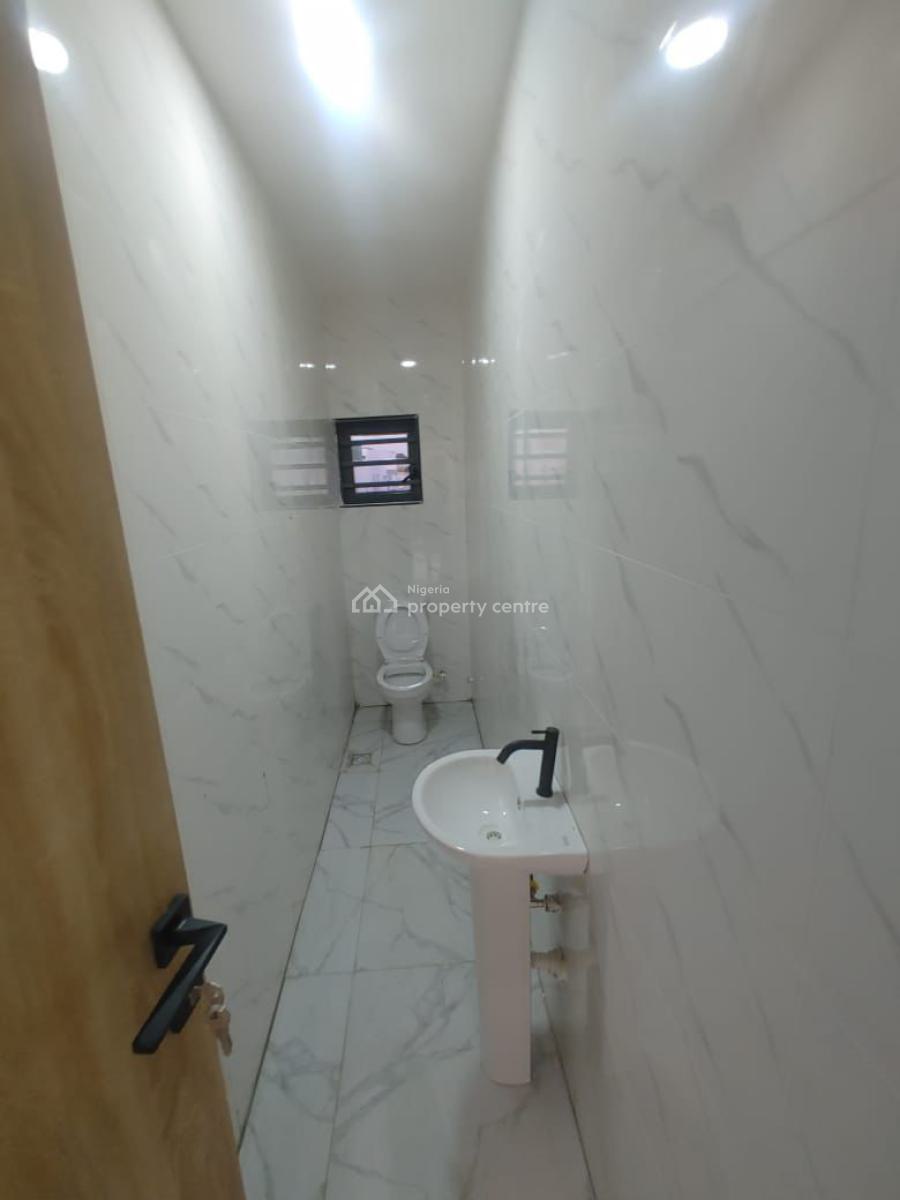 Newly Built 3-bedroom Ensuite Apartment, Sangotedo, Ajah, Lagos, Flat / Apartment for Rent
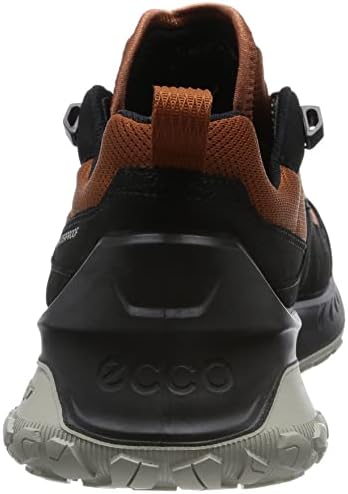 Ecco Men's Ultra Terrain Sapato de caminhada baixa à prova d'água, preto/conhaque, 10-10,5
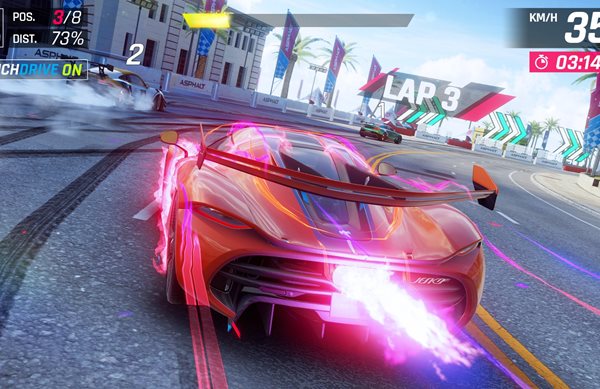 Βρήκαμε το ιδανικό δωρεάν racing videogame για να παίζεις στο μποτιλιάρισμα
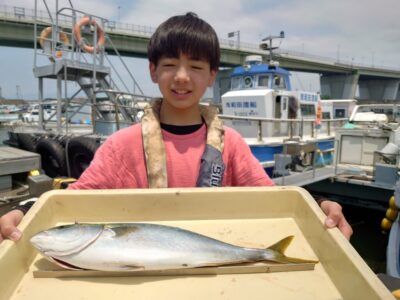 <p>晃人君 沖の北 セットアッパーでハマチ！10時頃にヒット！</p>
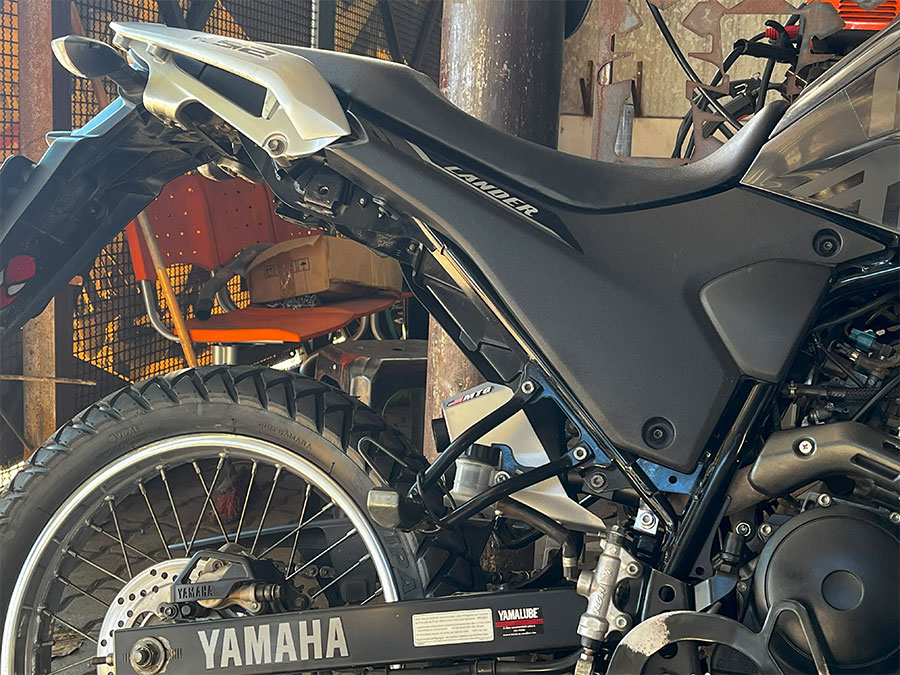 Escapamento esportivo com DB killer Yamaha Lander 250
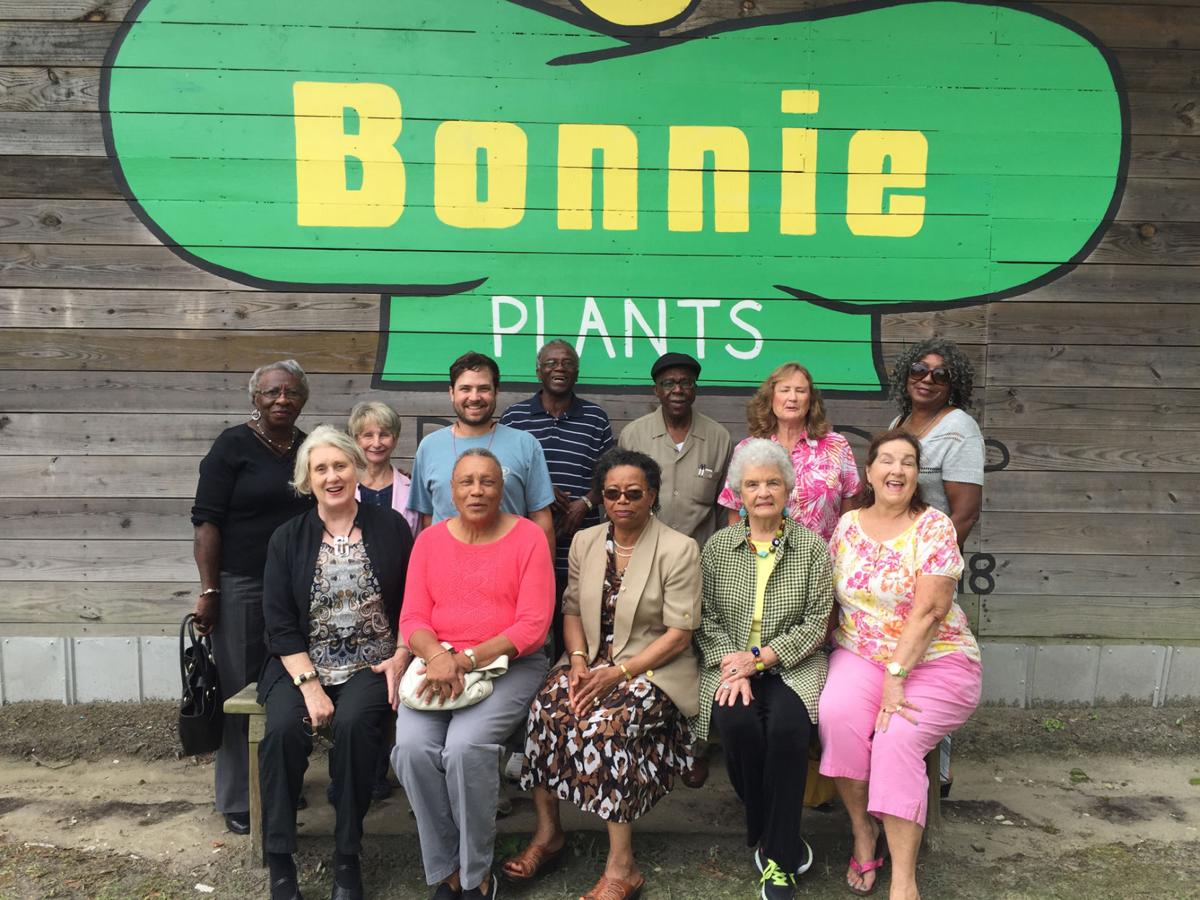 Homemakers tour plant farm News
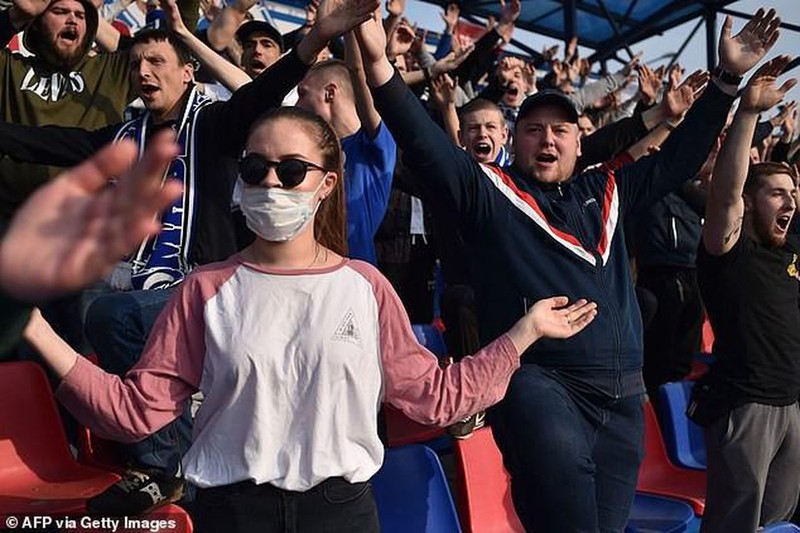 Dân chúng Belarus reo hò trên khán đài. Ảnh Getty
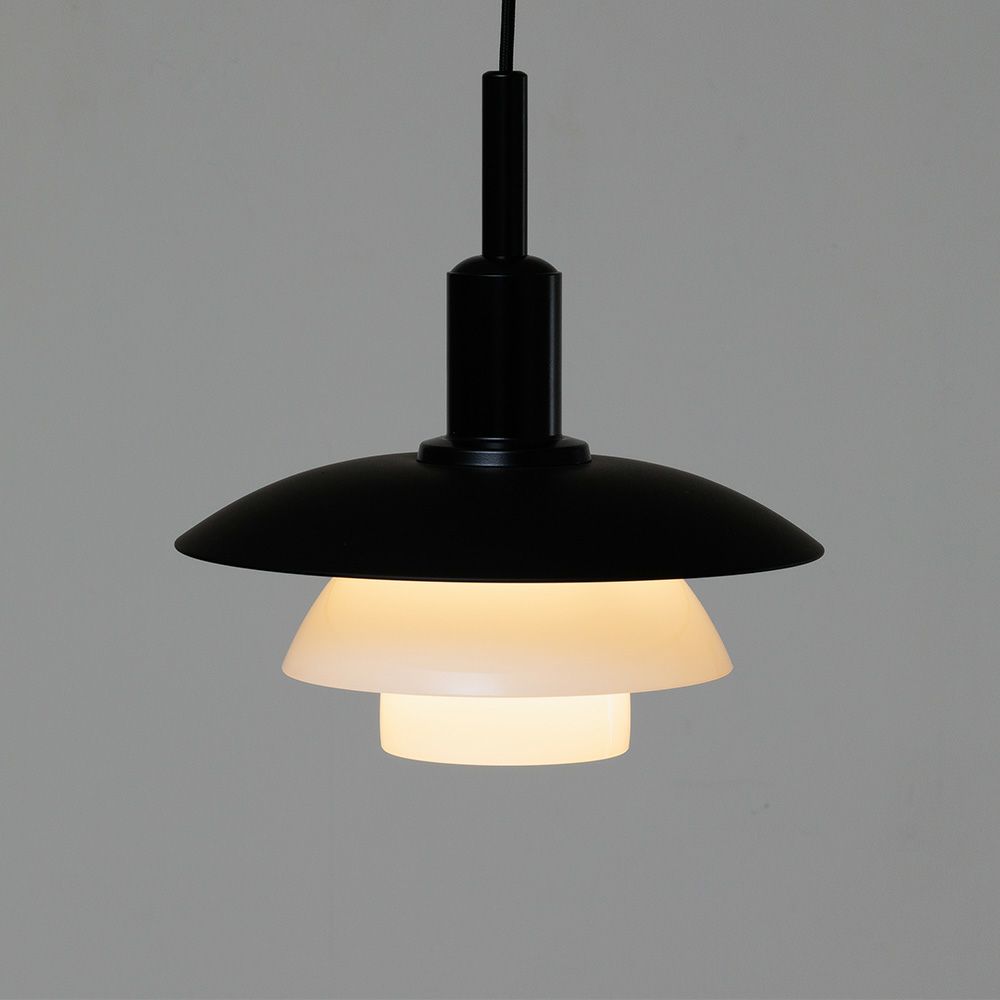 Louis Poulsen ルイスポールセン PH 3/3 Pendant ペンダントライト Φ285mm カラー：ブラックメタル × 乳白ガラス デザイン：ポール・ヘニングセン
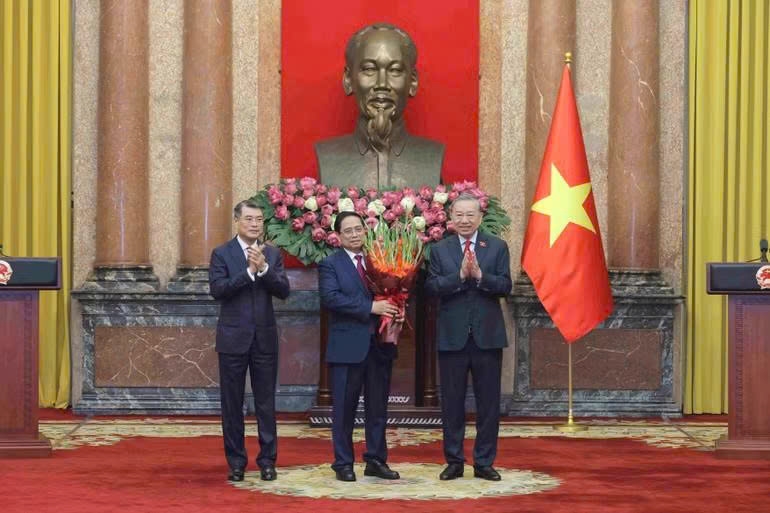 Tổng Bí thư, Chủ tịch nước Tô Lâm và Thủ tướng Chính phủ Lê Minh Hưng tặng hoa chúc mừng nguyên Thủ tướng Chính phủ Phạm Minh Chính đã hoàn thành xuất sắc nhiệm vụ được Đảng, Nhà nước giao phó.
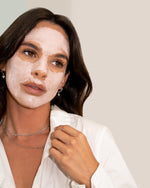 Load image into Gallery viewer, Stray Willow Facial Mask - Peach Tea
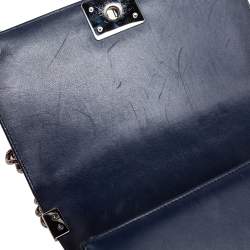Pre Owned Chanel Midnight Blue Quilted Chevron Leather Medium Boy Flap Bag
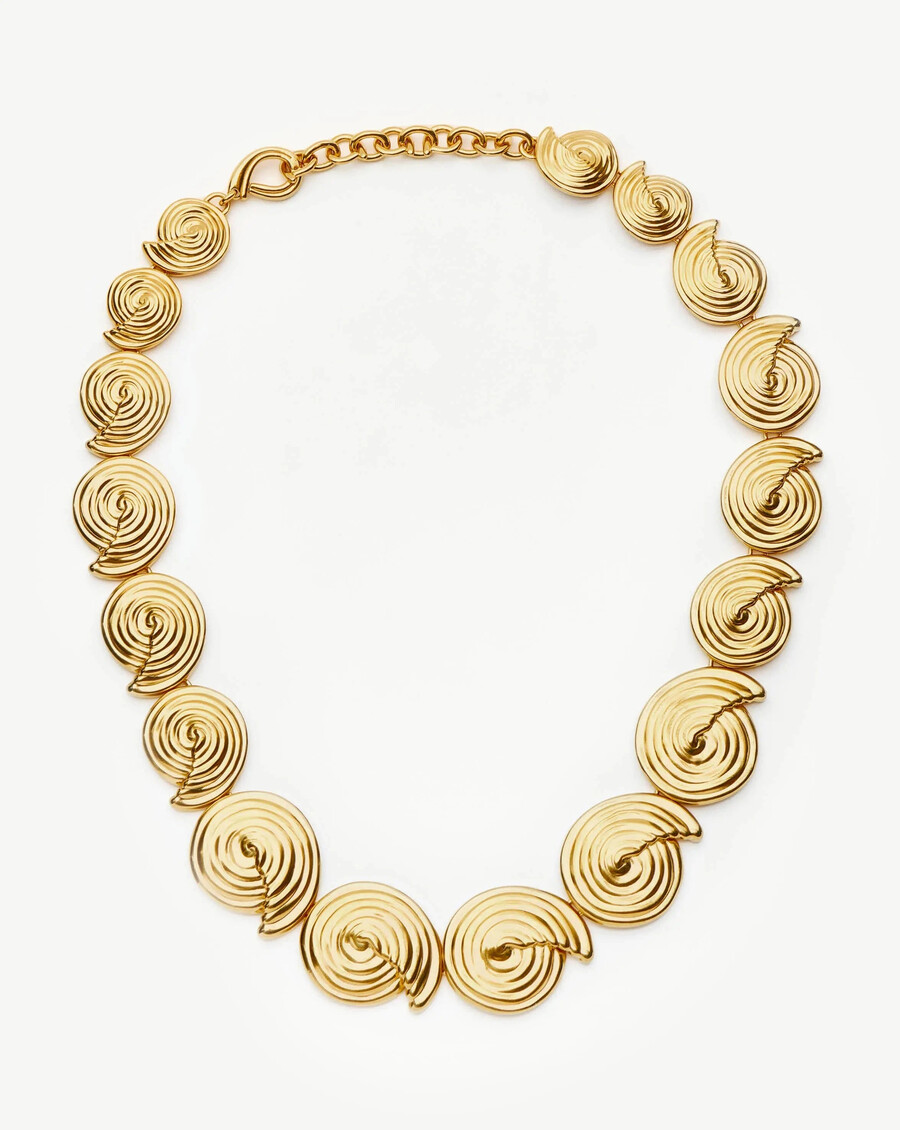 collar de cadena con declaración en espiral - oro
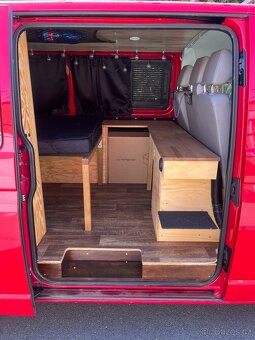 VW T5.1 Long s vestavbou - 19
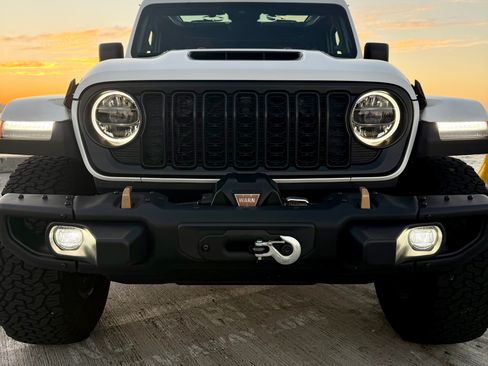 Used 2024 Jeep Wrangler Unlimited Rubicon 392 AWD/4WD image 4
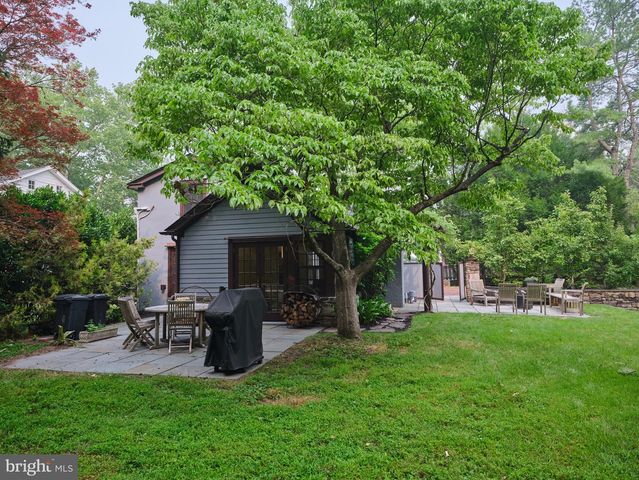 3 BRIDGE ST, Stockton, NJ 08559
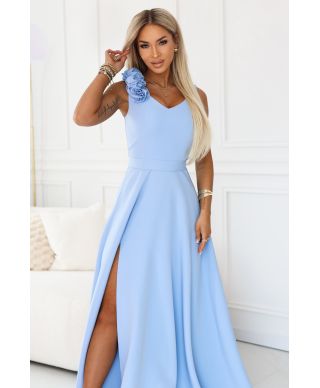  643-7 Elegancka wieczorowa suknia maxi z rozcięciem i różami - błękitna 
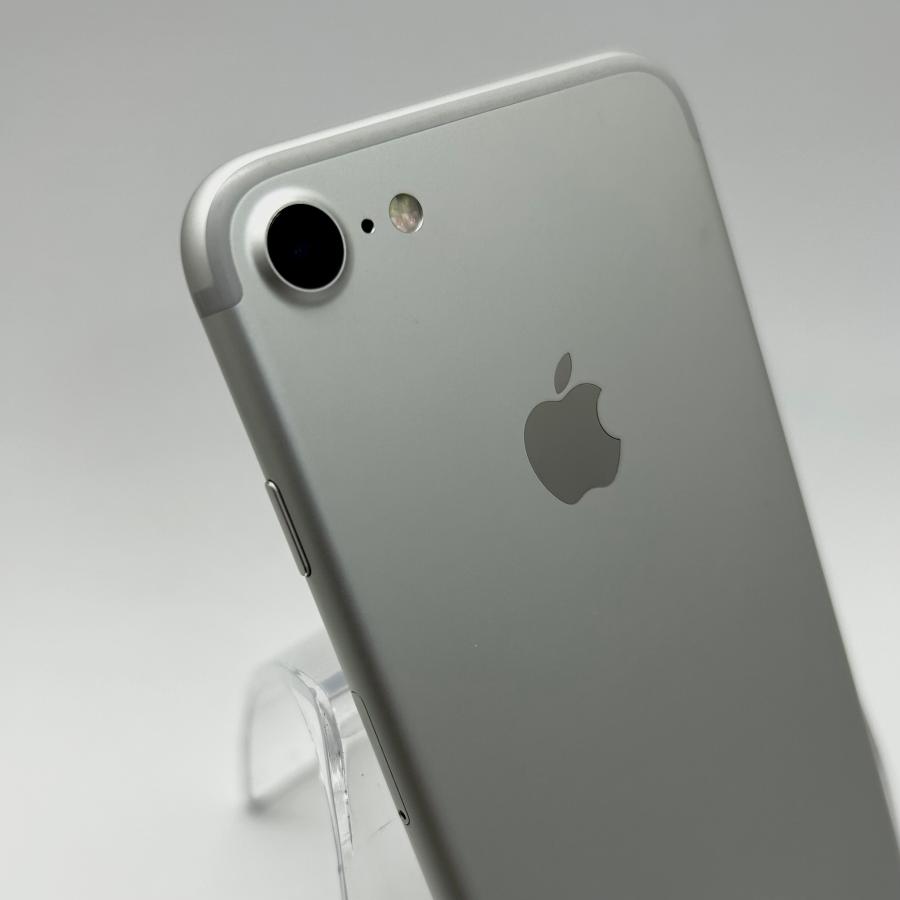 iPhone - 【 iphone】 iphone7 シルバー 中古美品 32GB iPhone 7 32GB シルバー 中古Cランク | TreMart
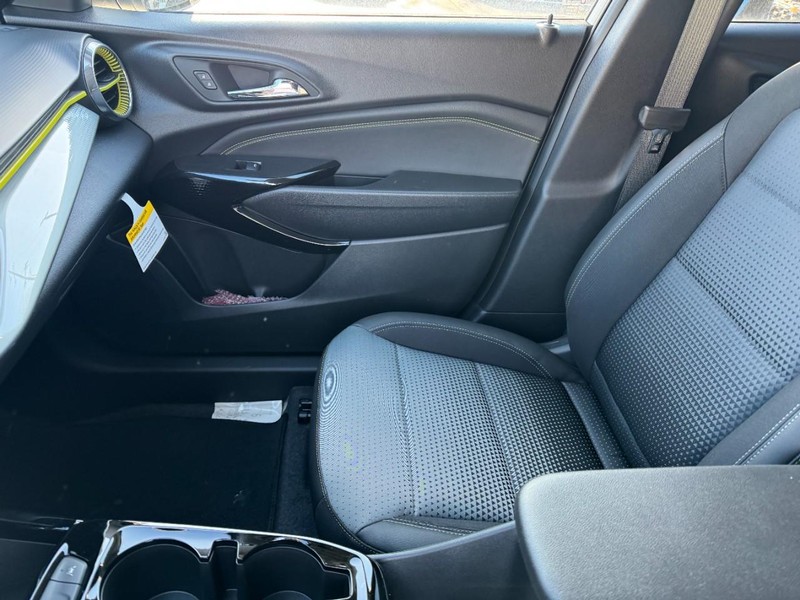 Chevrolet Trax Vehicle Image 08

_ _ _ _ _

» Problem
Return every line shown above without changing a word, and skip the pictures.

» Answer for this exercise
 Newly Built 3-bedroom Ensuite Apartment, Sangotedo, Ajah, Lagos, Flat / Apartment for Rent
 Ecco Men's Ultra Terrain Sapato de caminhada baixa à prova d'água, preto/conhaque, 10-10,5
 Βρήκαμε το ιδανικό δωρεάν racing videogame για να παίζεις στο μποτιλιάρισμα
 <p>晃人君 沖の北 セットアッパーでハマチ！10時頃にヒット！</p>
 Escapamento esportivo com DB killer Yamaha Lander 250
 Homemakers tour plant farm News
 Dân chúng Belarus reo hò trên khán đài. Ảnh Getty
 Louis Poulsen ルイスポールセン PH 3/3 Pendant ペンダントライト Φ285mm カラー：ブラックメタル × 乳白ガラス デザイン：ポール・ヘニングセン
 Tổng Bí thư, Chủ tịch nước Tô Lâm và Thủ tướng Chính phủ Lê Minh Hưng tặng hoa chúc mừng nguyên Thủ tướng Chính phủ Phạm Minh Chính đã hoàn thành xuất sắc nhiệm vụ được Đảng, Nhà nước giao phó.
 Load image into Gallery viewer, Stray Willow Facial Mask - Peach Tea
Pre Owned Chanel Midnight Blue Quilted Chevron Leather Medium Boy Flap Bag
 collar de cadena con declaración en espiral - oro
 VW T5.1 Long s vestavbou - 19
 Used 2024 Jeep Wrangler Unlimited Rubicon 392 AWD/4WD image 4
 3 BRIDGE ST, Stockton, NJ 08559
  643-7 Elegancka wieczorowa suknia maxi z rozcięciem i różami - błękitna 
 iPhone - 【 iphone】 iphone7 シルバー 中古美品 32GB iPhone 7 32GB シルバー 中古Cランク | TreMart
 Chevrolet Trax Vehicle Image 08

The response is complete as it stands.